*The task*: Every line of the material is to be returned verbatim. Pictures stay out.
Data records Start Marker
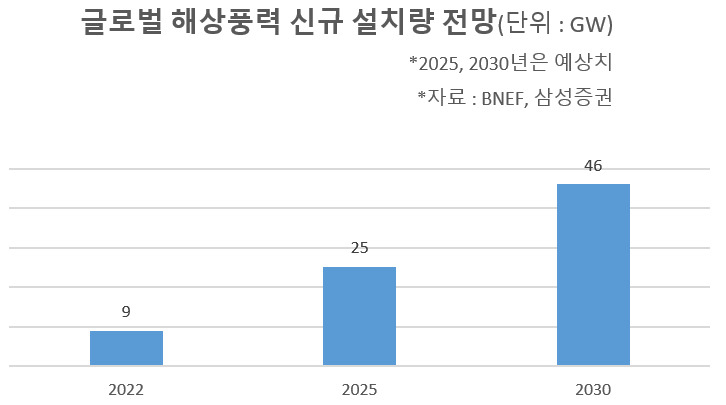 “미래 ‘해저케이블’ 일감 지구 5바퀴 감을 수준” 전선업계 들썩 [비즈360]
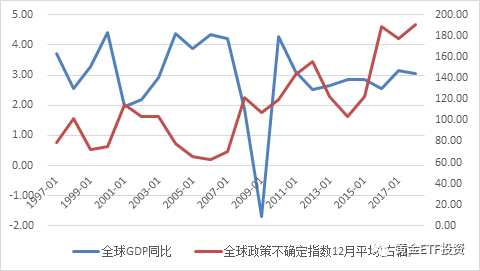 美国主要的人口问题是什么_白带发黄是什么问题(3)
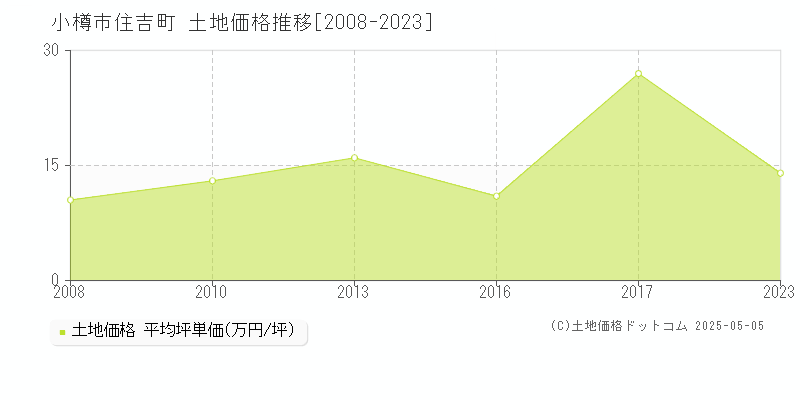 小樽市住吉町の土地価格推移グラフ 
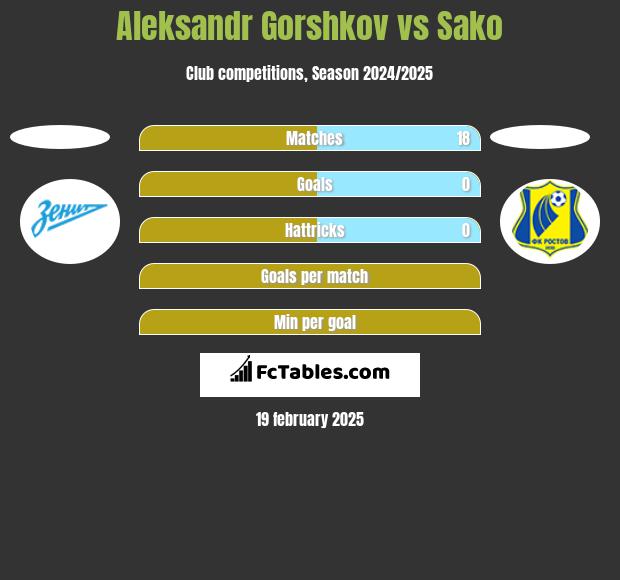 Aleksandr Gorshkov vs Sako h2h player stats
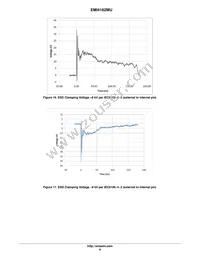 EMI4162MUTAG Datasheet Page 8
Data records End Marker
*Written answer*:
 “미래 ‘해저케이블’ 일감 지구 5바퀴 감을 수준” 전선업계 들썩 [비즈360]
 美国主要的人口问题是什么_白带发黄是什么问题(3)
 小樽市住吉町の土地価格推移グラフ 
 Aleksandr Gorshkov vs Sako h2h player stats
 EMI4162MUTAG Datasheet Page 8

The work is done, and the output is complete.